For example, if a `LinkedIntList` variable `list` stores `[7, 4, 2, 5]`, then the call `list.deleteBack()` should modify the list to store `[7, 4, 2]` and should return `5`. If the list is empty, throw a `NoSuchElementException`.

# Exercise : `removeAll` Write a method `removeAll` to be added to the `LinkedIntList` class. Your method should accept an integer value as a parameter and remove all occurrences of that value from the list.

For example, if a `LinkedIntList` variable `list` stores `[3, 9, 4, 2, 3, 8, 17, 4, 3, 18]`, the call of `list.removeAll(3);` would change the list to store `[9, 4, 2, 8, 17, 4, 18]`.

# Exercise : `doubleList` Write a method `doubleList` to be added to the `LinkedIntList` class. Your method should double the size of the list by appending a copy of the original sequence to the end of the list.

For example, if a `LinkedIntList` variable `list` stores `[1, 3, 2, 7]` and we make the call of `list.doubleList();` then after the call it should store `[1, 3, 2, 7, 1, 3, 2, 7]`.

Constraints: You may not call any methods of the class to solve this problem. You may not use any auxiliary data structures such as arrays or `ArrayList`s to solve this problem. Your method should run in O(N) time where N is the number of nodes in the list.

# Exercise : `reverse` Write a method `reverse` to be added to the `LinkedIntList` class. Your method should reverse the order of the elements in the list. (This is very challenging!)

For example, if a `LinkedIntList` variable `list` initially stores the values `[3, 8, 29, 4, 17]`, the call of `list.reverse();` should change the list to store `[17, 4, 29, 8, 3]`.

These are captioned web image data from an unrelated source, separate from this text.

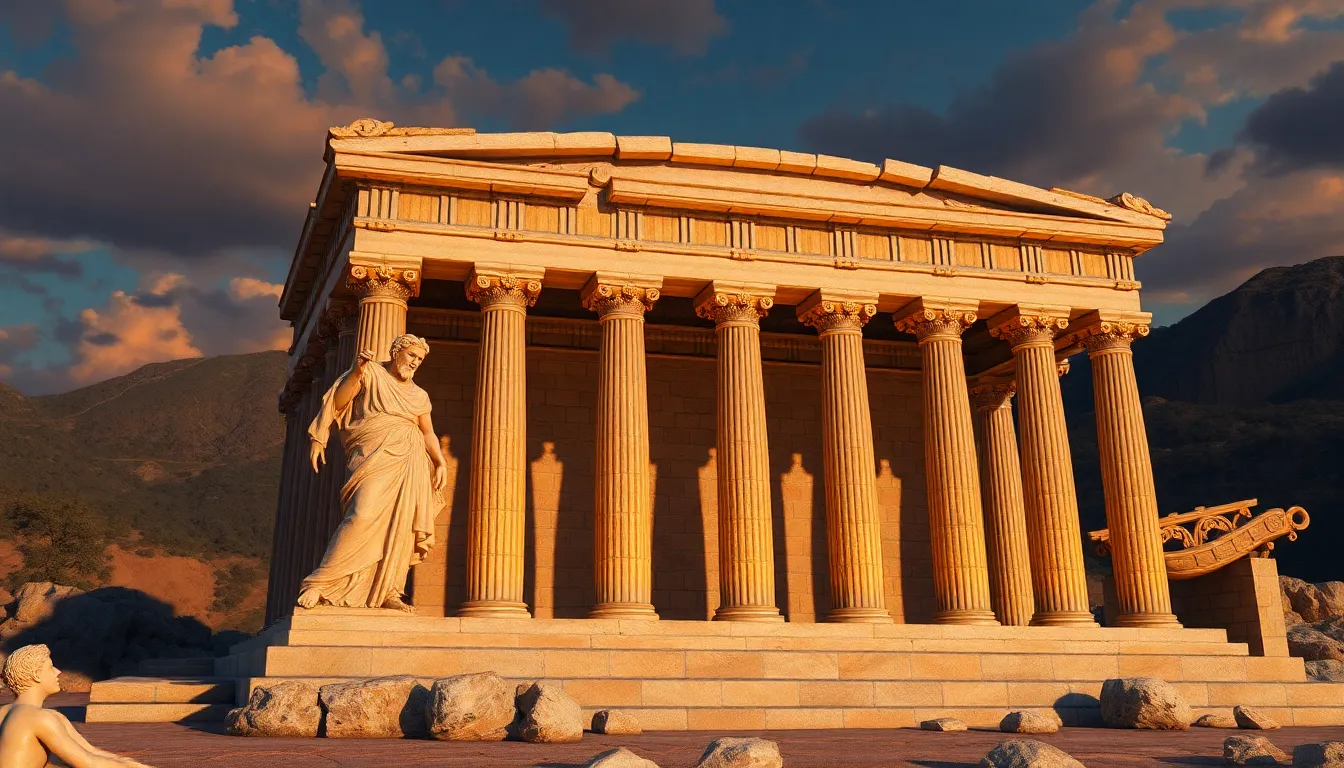 Hesiod’s Moral Lessons: Wisdom from Ancient Greece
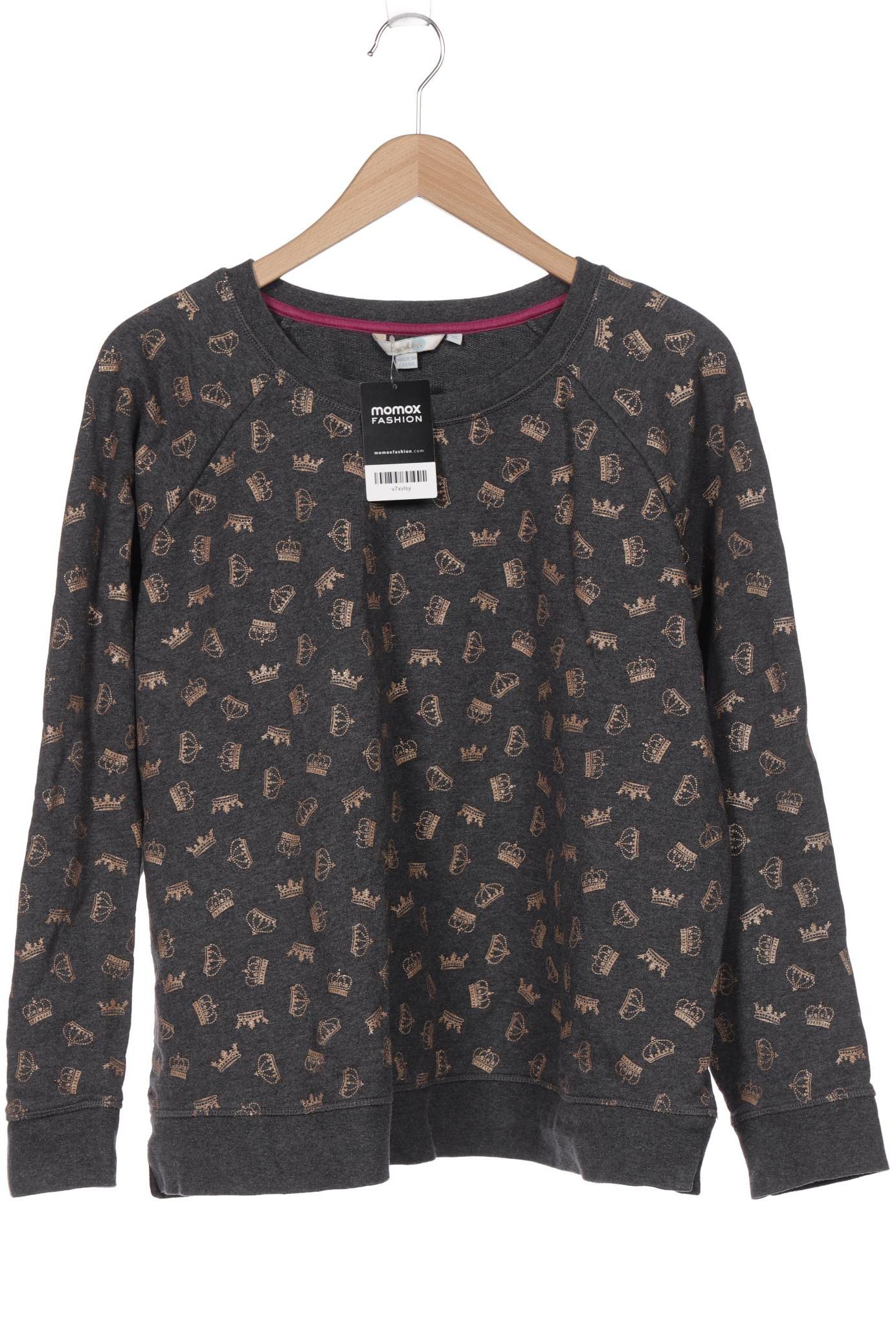 

Boden Damen Sweatshirt, grau
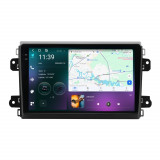 Navigatie dedicata cu Android Fiat Ducato dupa 2022, 12GB RAM, Radio GPS Dual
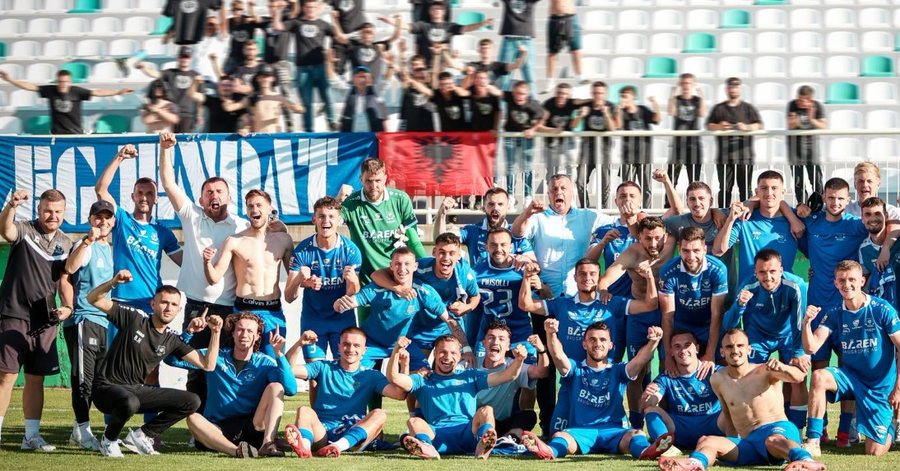 ZYRTARE/ Goditje e dyfisht&euml; nga &ldquo;blut&euml;&rdquo;! Klubi shqiptar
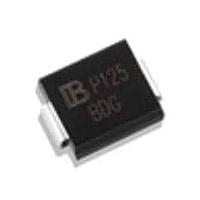 Microchip Technology SMBJ5343B/TR13 Zener Diodes Zener 5.0W, VZ = 7.5V, +/- 5%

Constraints: You should build the reversed list by rearranging `next` references between existing nodes, not by creating new `ListNode` objects. (You may create `ListNode` variables to refer to existing objects as needed.) You may not use any auxiliary data structures such as arrays or `ArrayList`s to solve this problem. Your method should run in O(N) time where N is the number of nodes in the list.